This is a serious bug. We now have a copied buffer overwriting the backup file for its parent buffer.

require "./buffer"

class Buffer
  # ...
  def initialize_copy(original)
    @contents = @contents.dup
  end
  # ...
end

b = Buffer.new
b.append("Hello, ")
b2 = b.dup
b2.contents
# => "Hello, "

b.append("World")
b2.append("Lunch")
b.append(". What's up?")

File.read(b.backup_file.path)
# => "Hello, World"
File.read(b2.backup_file.path)
# => "Hello, World"

b.backup_file
# => #<File:./backup20170517-17888-kefb5q.txt>
b2.backup_file
# => #<File:./backup20170517-17888-kefb5q.txt>

Let's take a look at where the backup_file object comes from.

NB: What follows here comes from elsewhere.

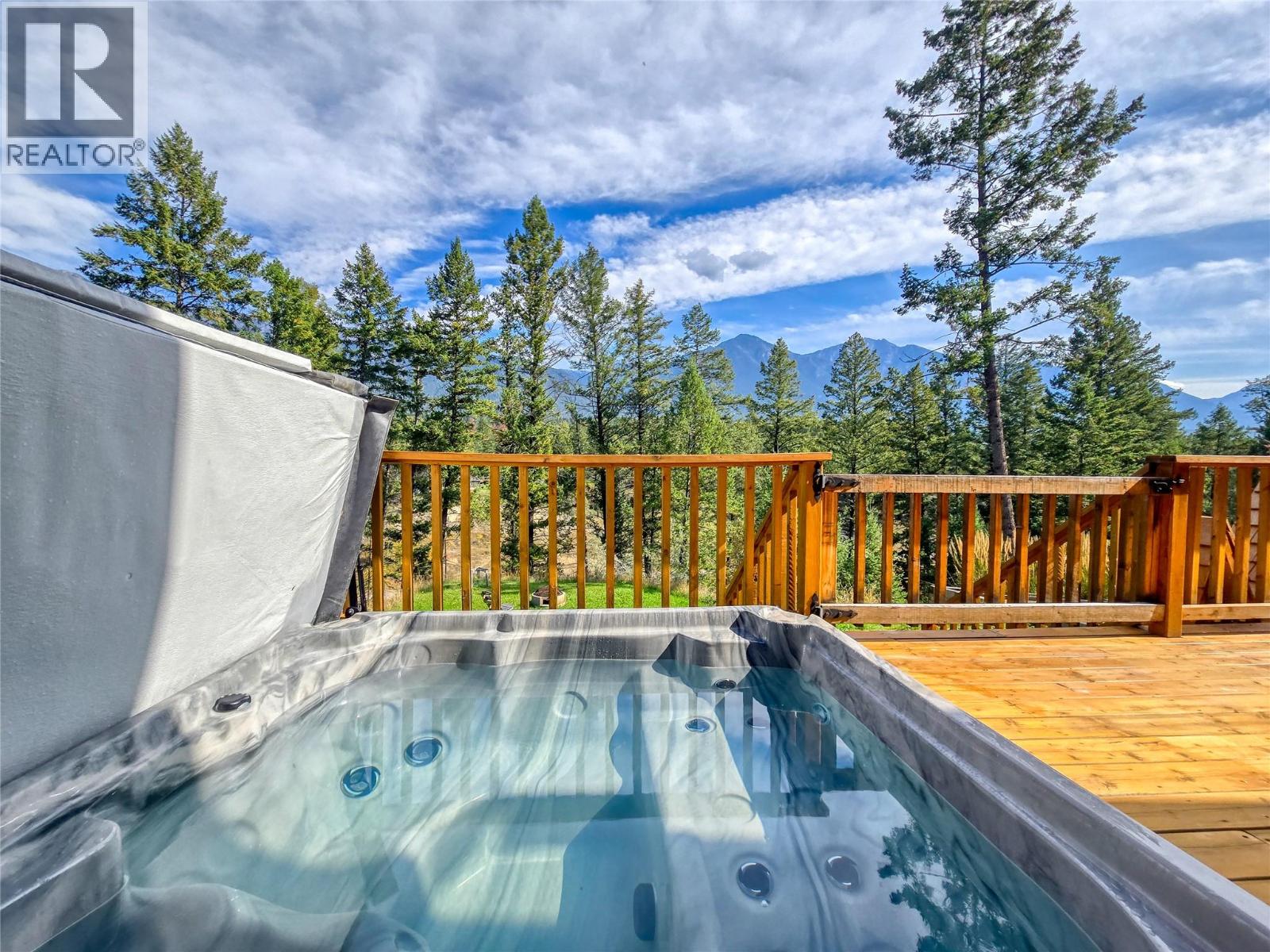 4868 Riverview Drive Unit# 81, Edgewater, British Columbia  V0A 1E0 - Photo 3 - 10401483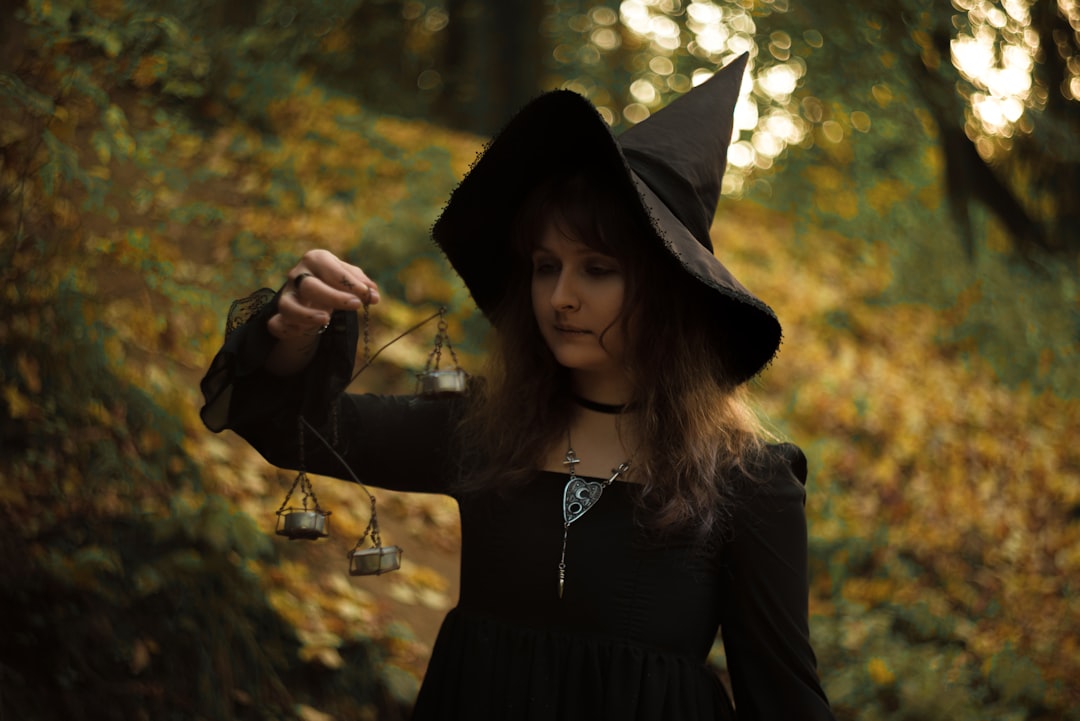 triple witching - Triple Witching: O que é, Como Afeta o Mercado e Estratégias para Investidores Brasileiros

This property is a little different from the contents attribute. it is lazily initialized the first time it is referenced.

It doesn't make sense to handle this attribute the same way we handled the contents attribute. instead of making a duplicate of the @backup_file instance variable, we'll clear it by assigning a value of nil. That way the next time the backup_file method is invoked in the copied object, it will be reinitialized with a fresh new and unique temporary file object, attached to a new and unique temporary file.

Let's re-execute our example code.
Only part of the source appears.